BETA PHOTO: Looking up at the first pitch, which passes to the...
Description
One of the Classic climbs of the Organ Mts. It takes an obvious weakness up the cliff with mostly good rock, and comfortable belays. The last pitch tackles a headwall with beautiful exposure and clean granite.
Pitch 1: climb the corner under a large roof. Pass an old 1/4" bolt to a ledge just below the roof where another old 1/4" bolt is found. Belay from here, or continue up around the right side of the roof and belay at another large ledge with a tree.
Pitch 2: Continue up the corner/crack system for about 100 ft. At this point make an escape to large ledge (grassy in the right season) will be seen off to the right. This is the path of least resistance. If you keep going up the corner, you will run into some harder, and les sprotectable ground, and miss the good belay ledge.
Pitch 3: Climb up or around a short slab to a small overlap with a weakness in it.
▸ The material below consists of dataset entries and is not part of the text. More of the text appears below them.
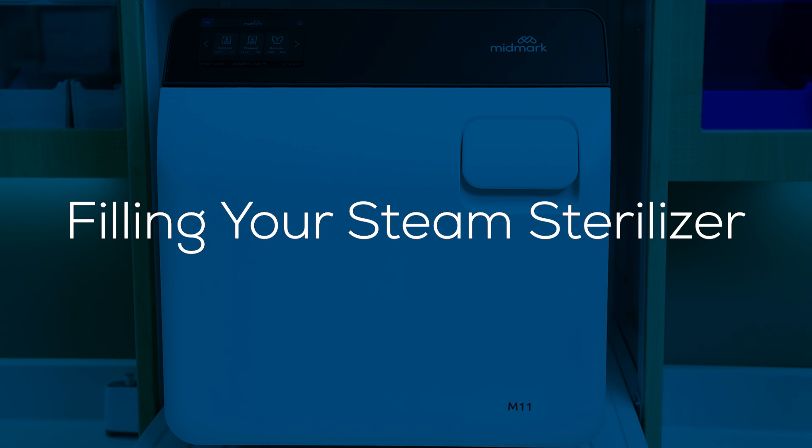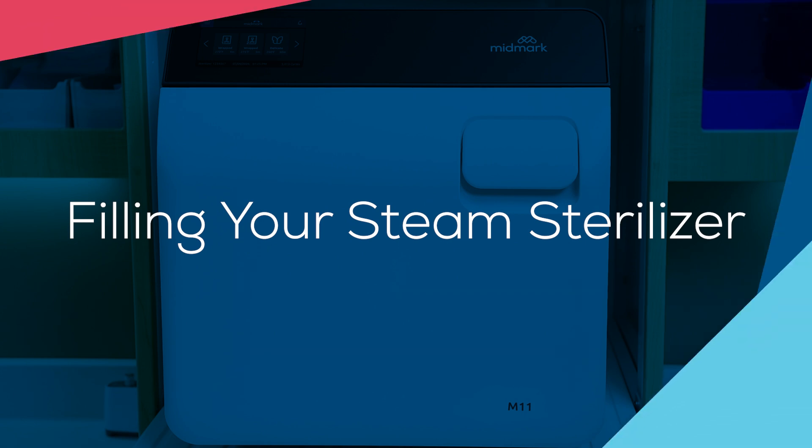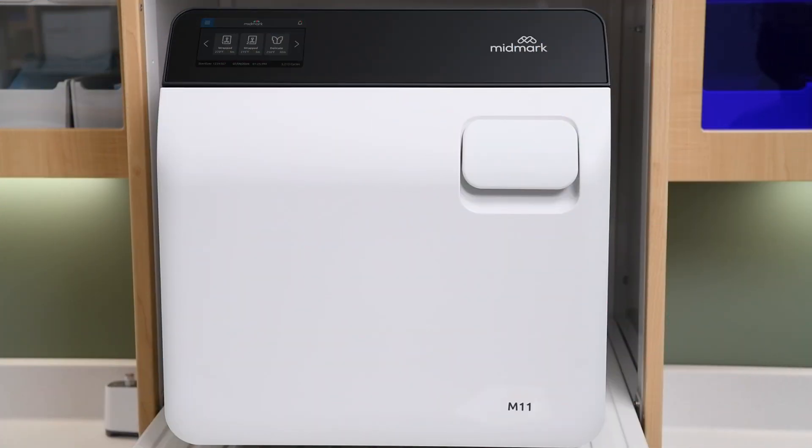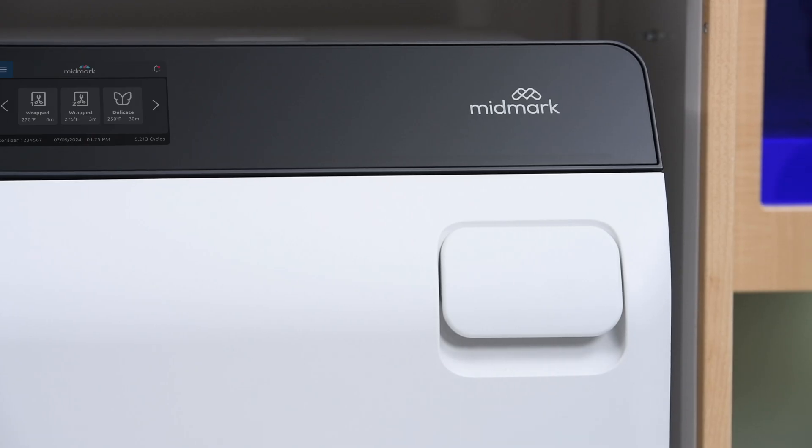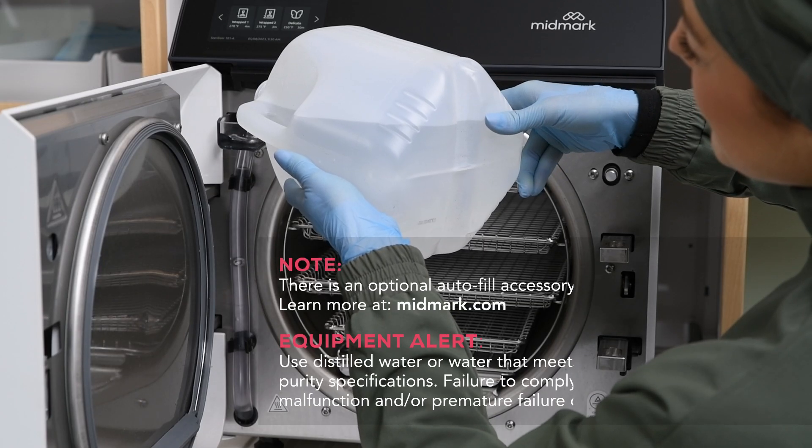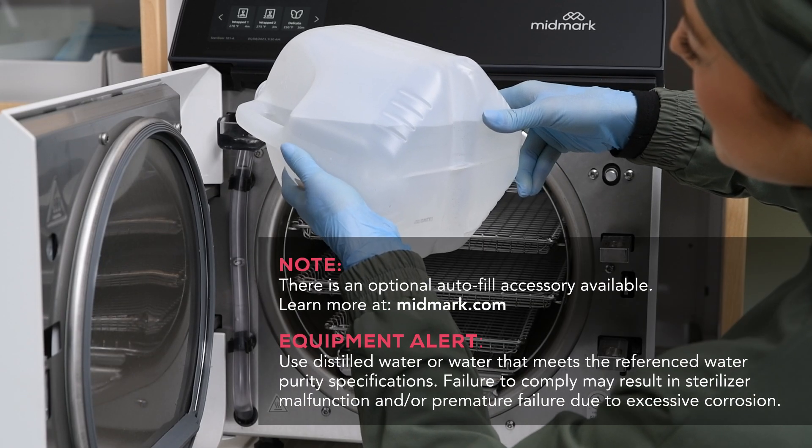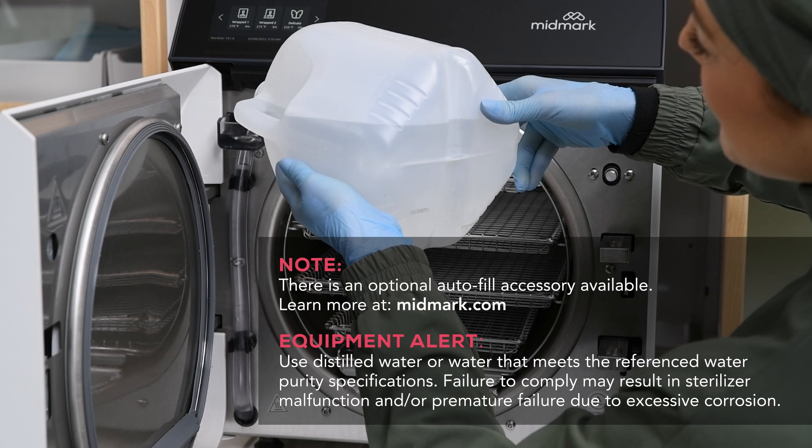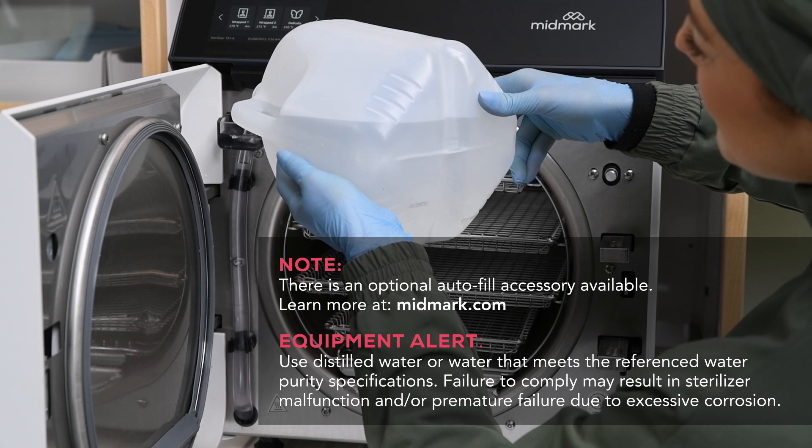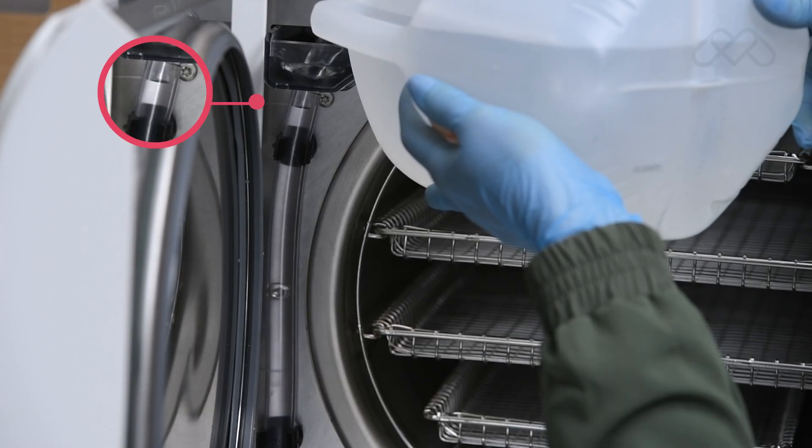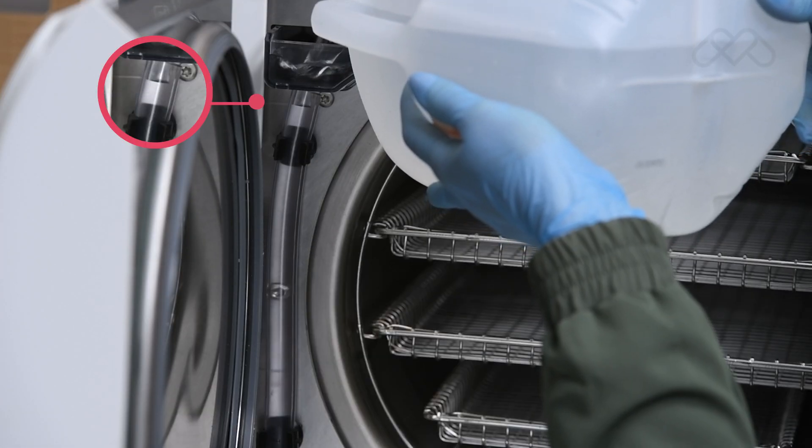Filling your steam sterilizer. To fill your steam sterilizer, open the door to the sterilizer. Pour distilled water into the fill opening until the water level reaches the top of the fill level label on the water level indicator tube.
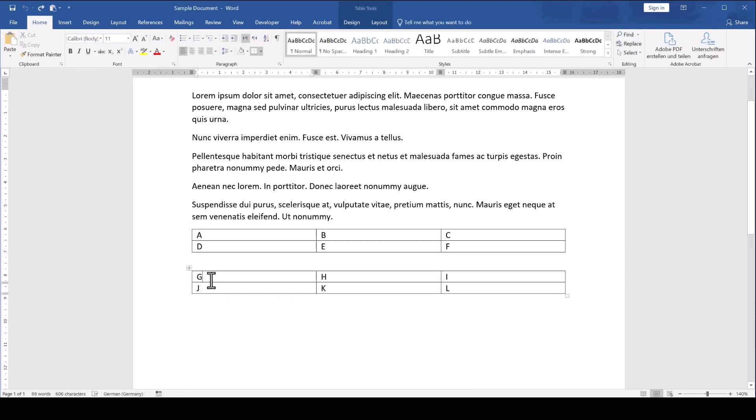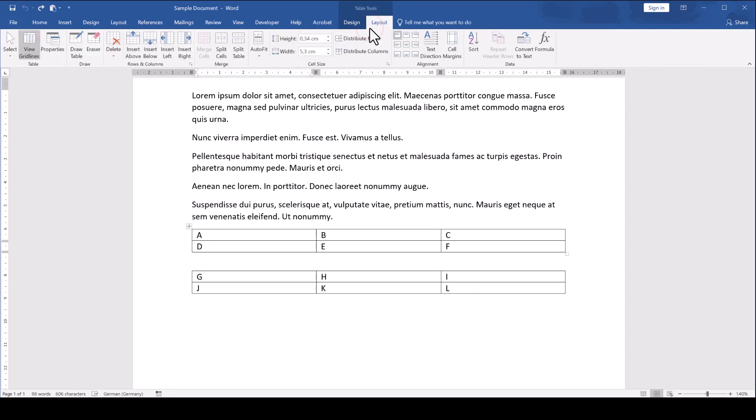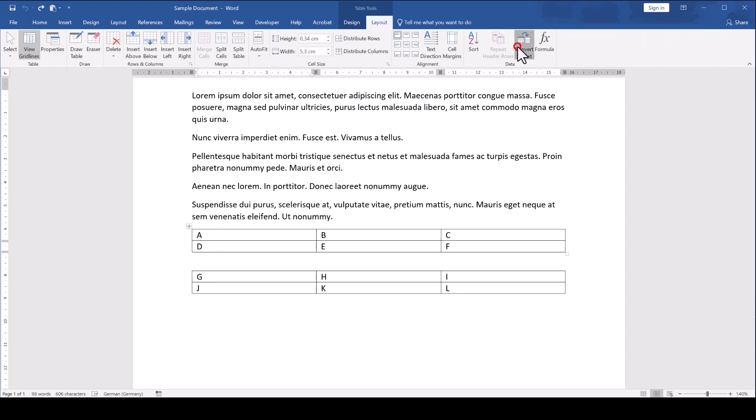The other workaround is that you click into the first table, go into the Layout tab within the Table Tools again, select Convert to Text, make sure that Tabs is selected and click on OK.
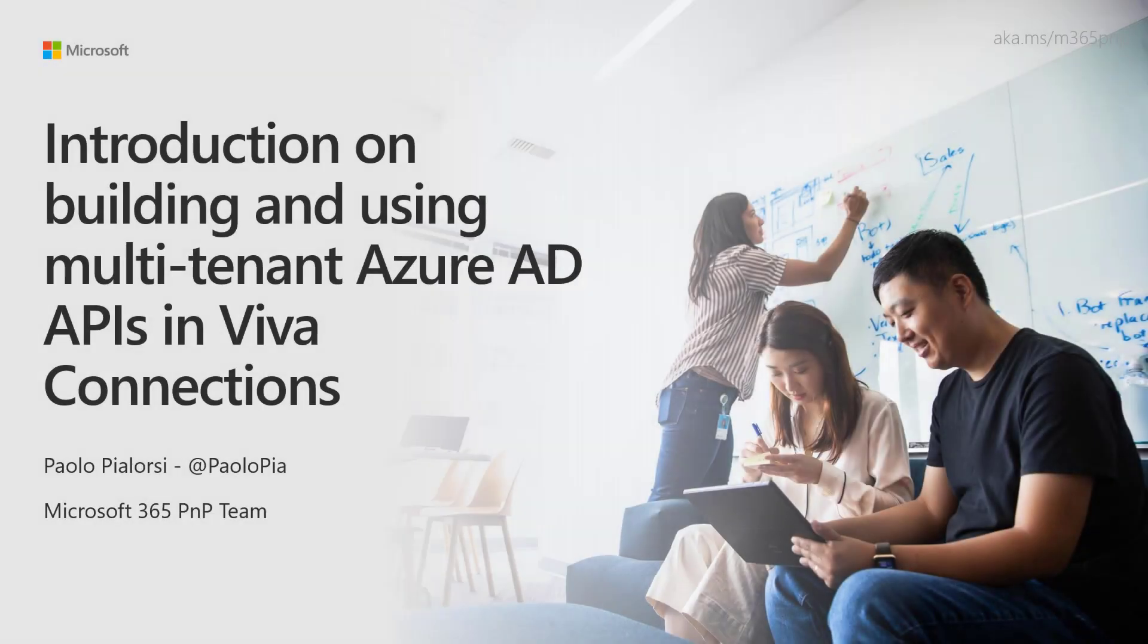Welcome to this introduction on building and using multi-tenant Azure AD APIs in Viva Connections. I'm Paolo Pialorsi and I'm a proud member of the Microsoft 365 PnP team.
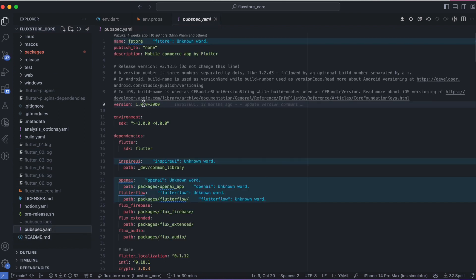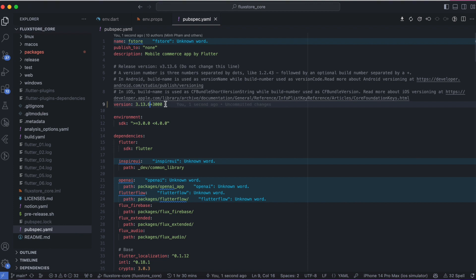In your pubspec.yaml file, update your app's version. The version number consists of three numbers separated by dots, like 1.2.43. Add one to it each time you make an update.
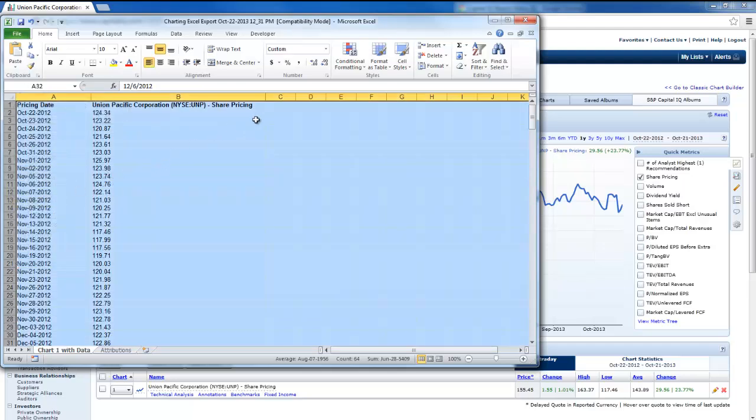That's it. That's how to download stock pricing information and also some financial reporting information for a firm using Capital IQ.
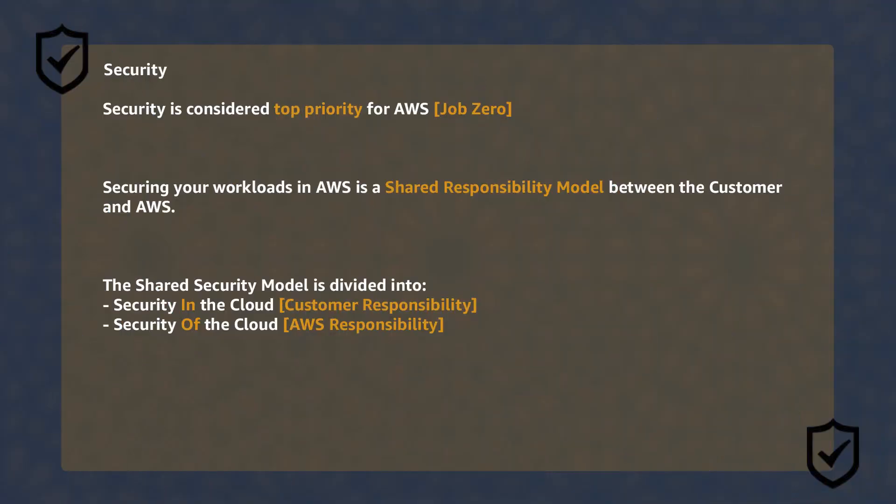Remember, security is considered as the top priority for AWS. AWS calls it job zero. However, in the cloud, the security of the workloads running there is a shared responsibility.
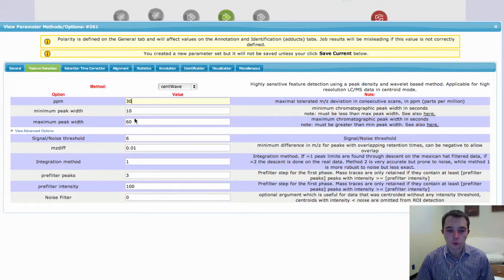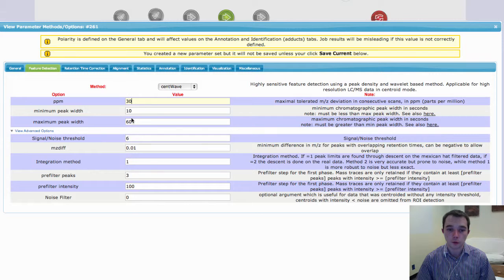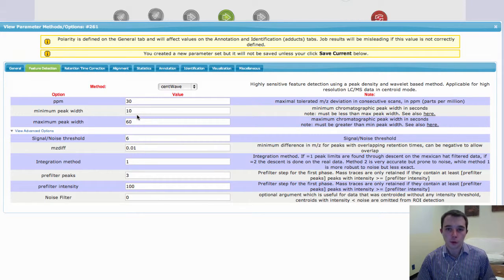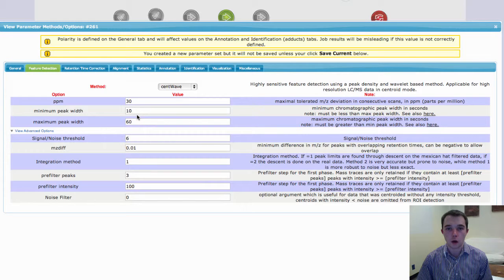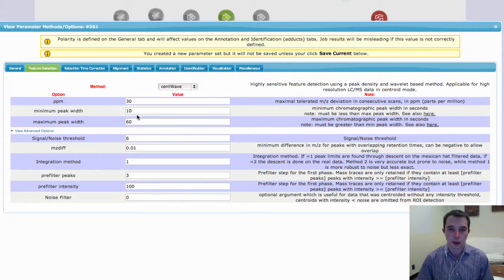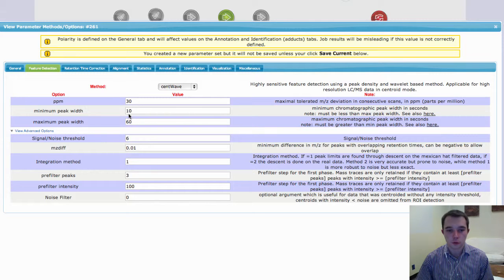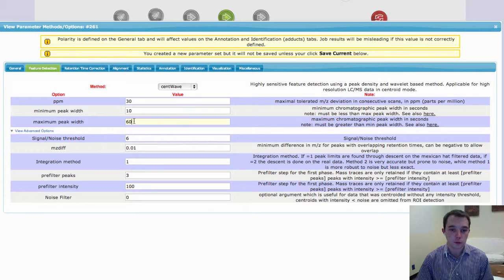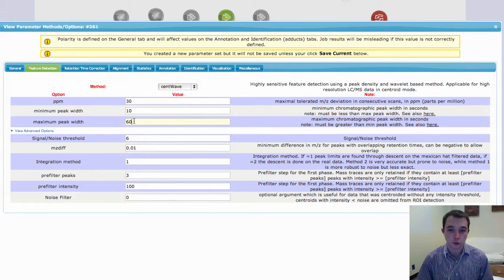The other thing that you want to be thinking about is how wide your peaks are in CentWave. And CentWave has a minimum and a maximum to this, and they're not hard and fast limits. It will stray out a little bit, but it helps the algorithm to understand what your data looks like. And so here this would be equivalent of 10 seconds on the smaller side and 60 seconds on the larger side.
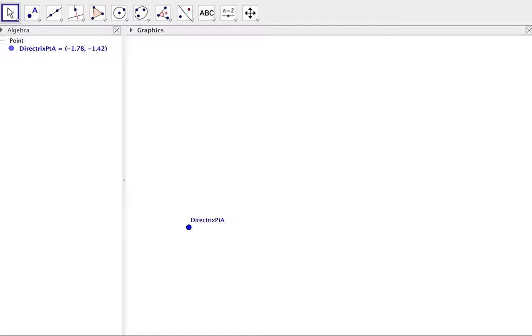This is a video on how to use GeoGebra to create a dynamic parabola that is created from a directrix and a focus.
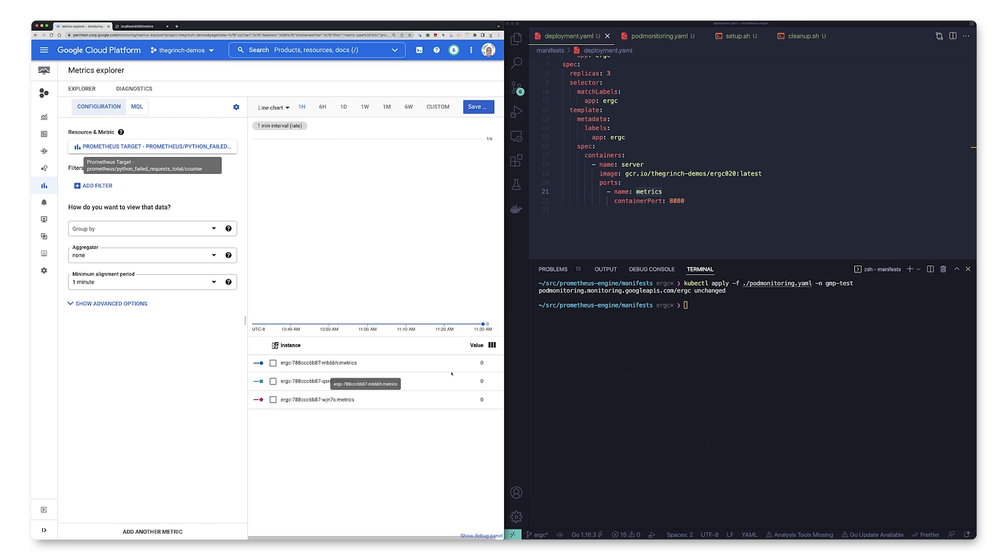And that's how you can instrument your application for Prometheus monitoring and have its metrics be collected and ingested by the Google managed service for Prometheus. Thanks so much for watching today. We learned how to instrument your application for Prometheus monitoring and how to configure Google's managed service for Prometheus to collect those metrics.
There is a fixxed nut and piton at the weakness. After cranking over this, continue up to a comforatble belay ledge aboce.
Pitch 4: the dirtiest pitch. Continue up the corner system for 50 ft, where there is a chimney like move to gain a slab ampitheather above. Once on the open slab, pick from the many nice belay stances.
Pitch 5: Very short. Head up the slab to the headwall and traverse to the right side. Turning around the corner here is an exposed move and quite exhilierating. A hanging belay is found directly around the corner (out of sight from your belayer).
Pitch 6: from the hanging belay a piton can be seen where 3 small rooflets break the headwall. climb towards these. This is the crux pitch, with great exposure and very clean, almost featureless rock. 2 pitons protect the first two rooflets, afterwhich ample gear placements can be found. A good reach and a cool head will help surmounting these.
Above the rooflets, run out the rope to the top of the ridge.
Location
The route is identifiable from the approach as a large corner system which leans slightly to the right, and ascends to the half-way point of the face. An excellent topo and route description was written by Charlie Cundiff and is available at the NMSU climbing wall. See Gertch for descent description.
FA by Paul Wohlt and Dick Ingraham. They rated it 5.7 but 5.8 is probably a more fair rating. Harder and straighter variation pitches below the top overhangs have been climbed.